DATA EXTRACTS:
- Opening Delimiter -

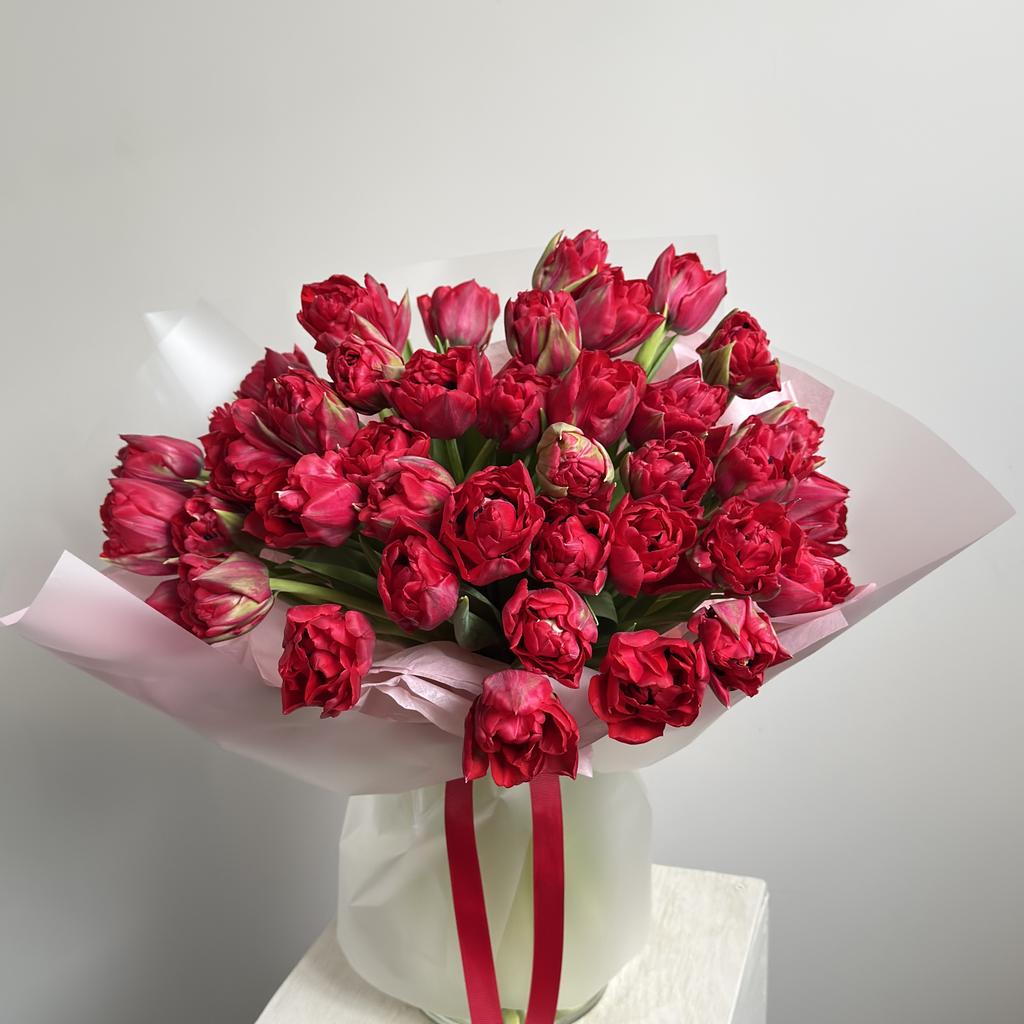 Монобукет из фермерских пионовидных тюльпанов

- Closing Delimiter -
- Opening Delimiter -

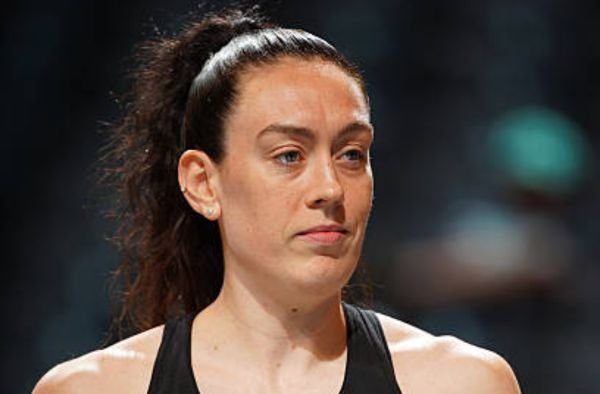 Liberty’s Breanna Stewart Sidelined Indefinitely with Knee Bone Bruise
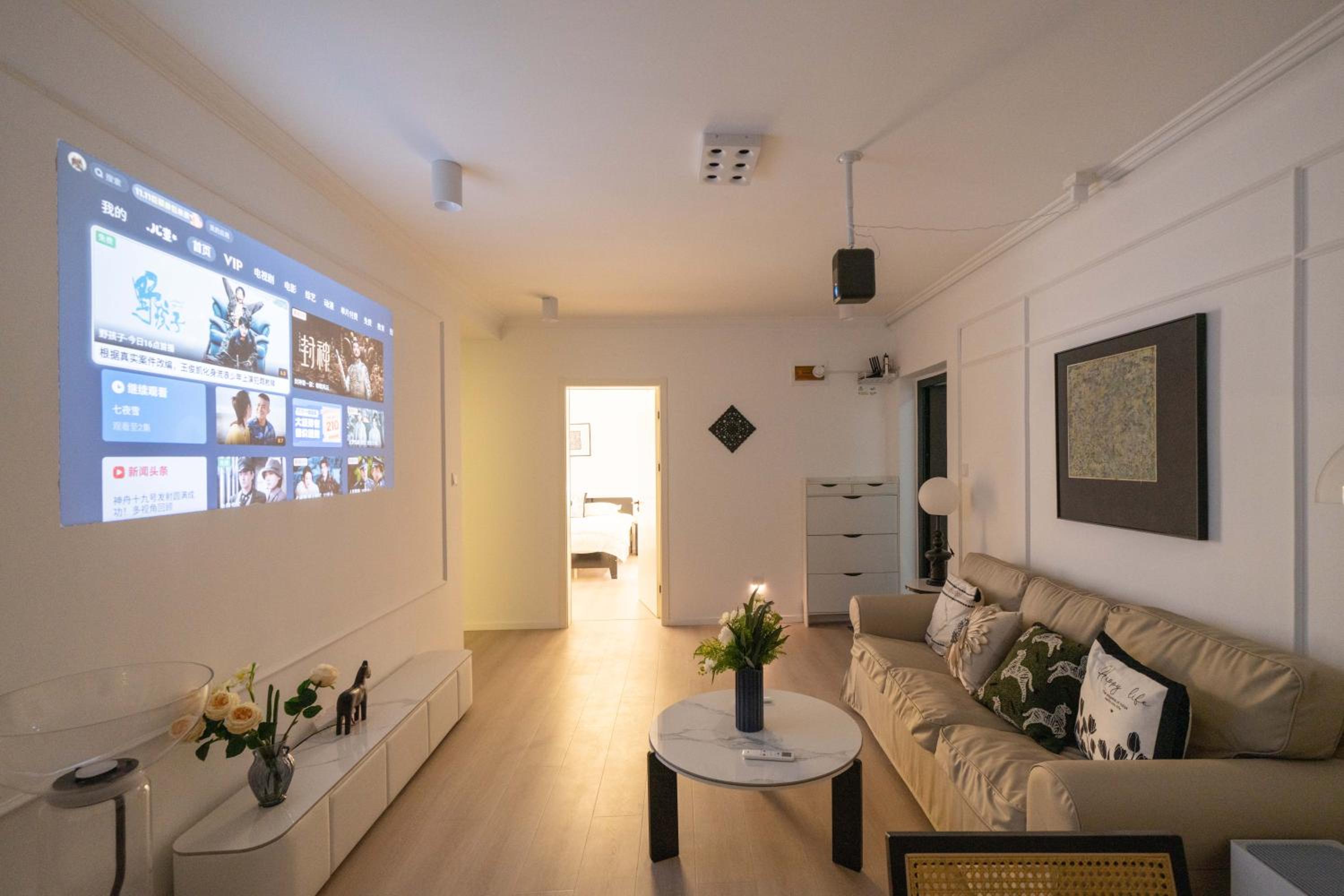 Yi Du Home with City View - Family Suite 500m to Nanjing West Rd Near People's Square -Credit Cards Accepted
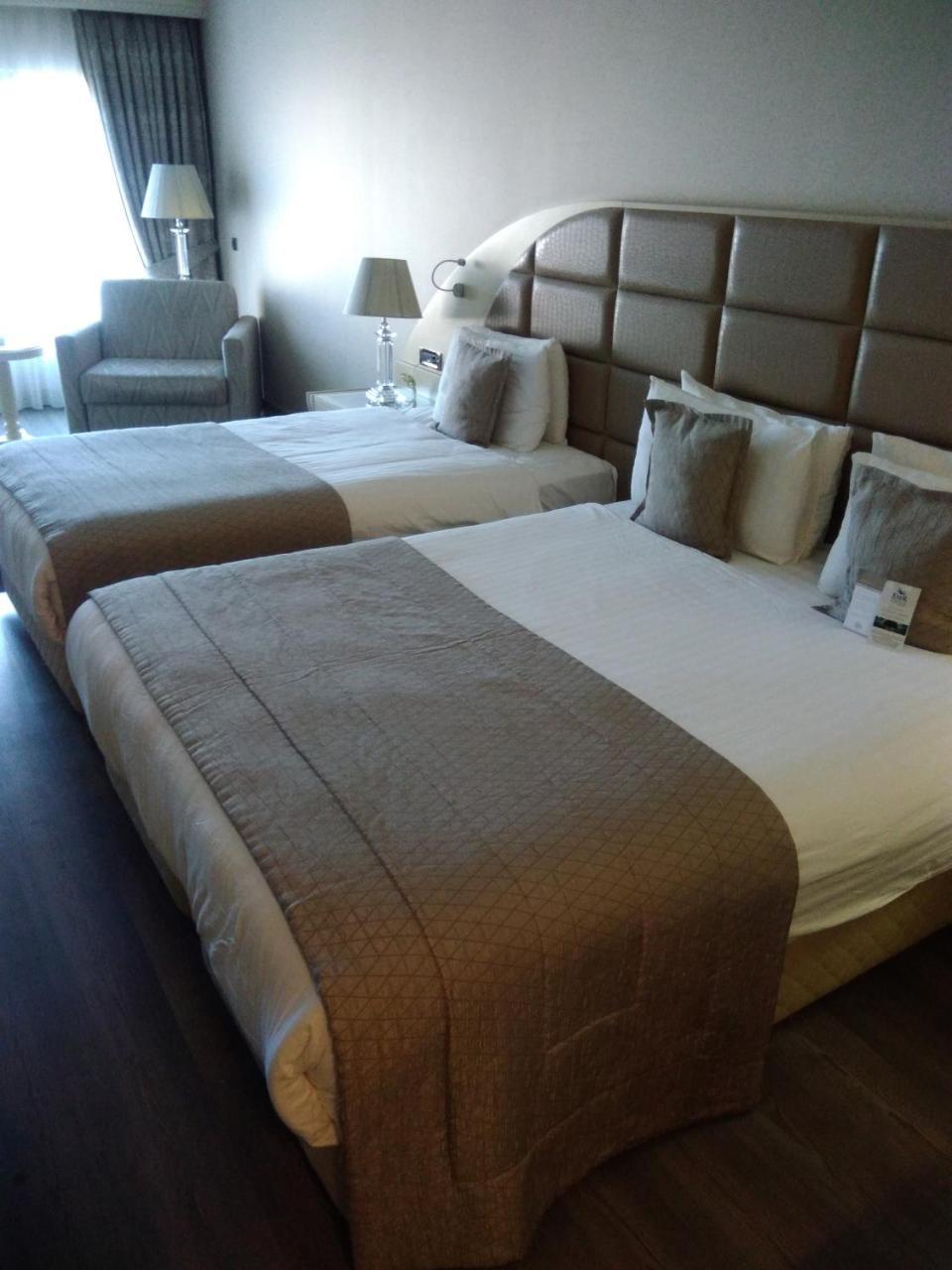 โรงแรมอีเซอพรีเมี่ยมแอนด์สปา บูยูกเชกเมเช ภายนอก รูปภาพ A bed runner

- Closing Delimiter -
- Opening Delimiter -

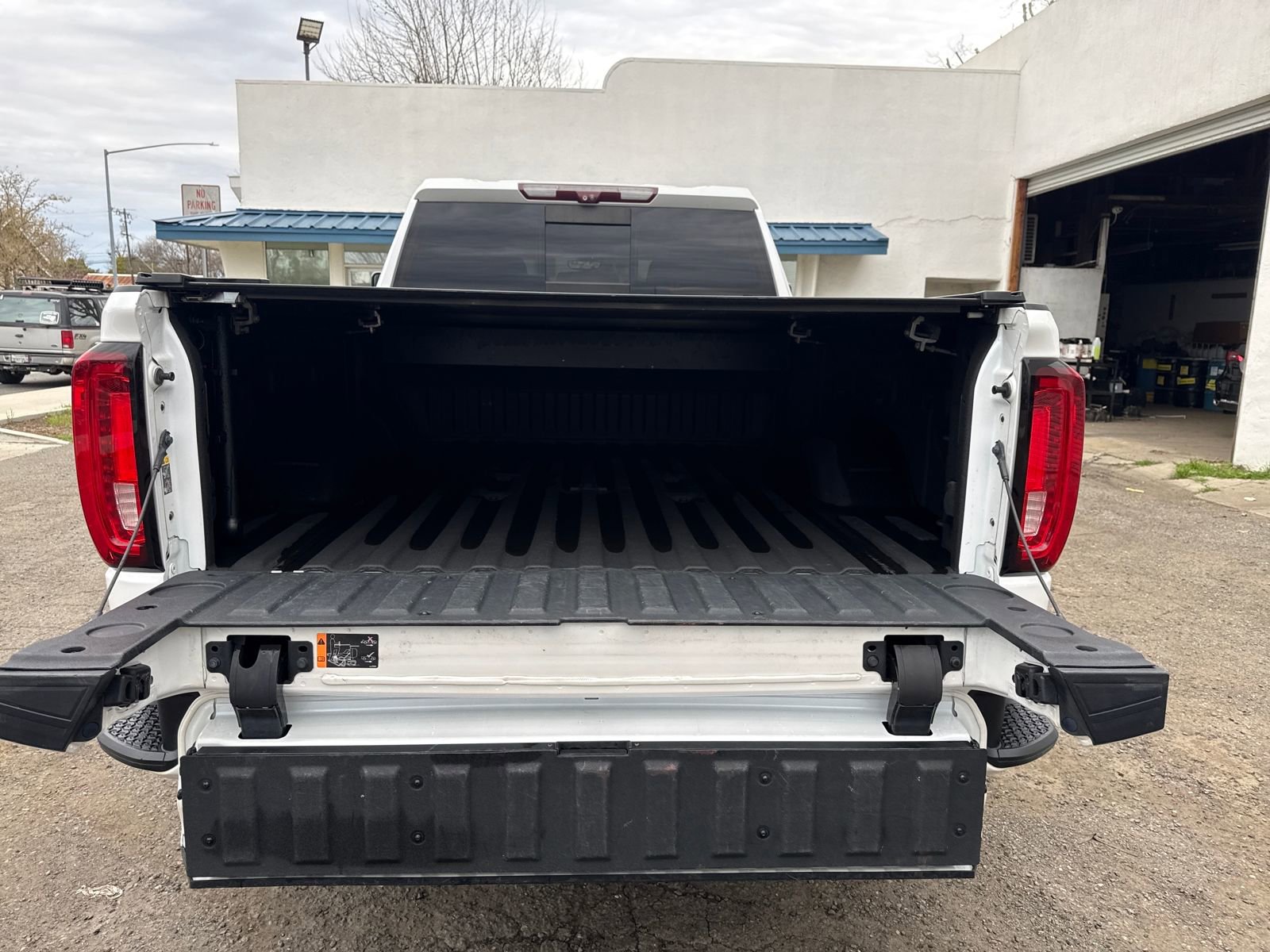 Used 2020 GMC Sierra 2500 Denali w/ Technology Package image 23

- Closing Delimiter -

What belongs in the answer is each line above from the line with "Yi Du Home with" to the line with "โรงแรมอีเซอพรีเมี่ยมแอนด์สปา บูยูกเชกเมเช ภายนอก", inclusive, reproduced exactly and free of pictures.

ANSWER BELOW:
 Yi Du Home with City View - Family Suite 500m to Nanjing West Rd Near People's Square -Credit Cards Accepted
 โรงแรมอีเซอพรีเมี่ยมแอนด์สปา บูยูกเชกเมเช ภายนอก รูปภาพ A bed runner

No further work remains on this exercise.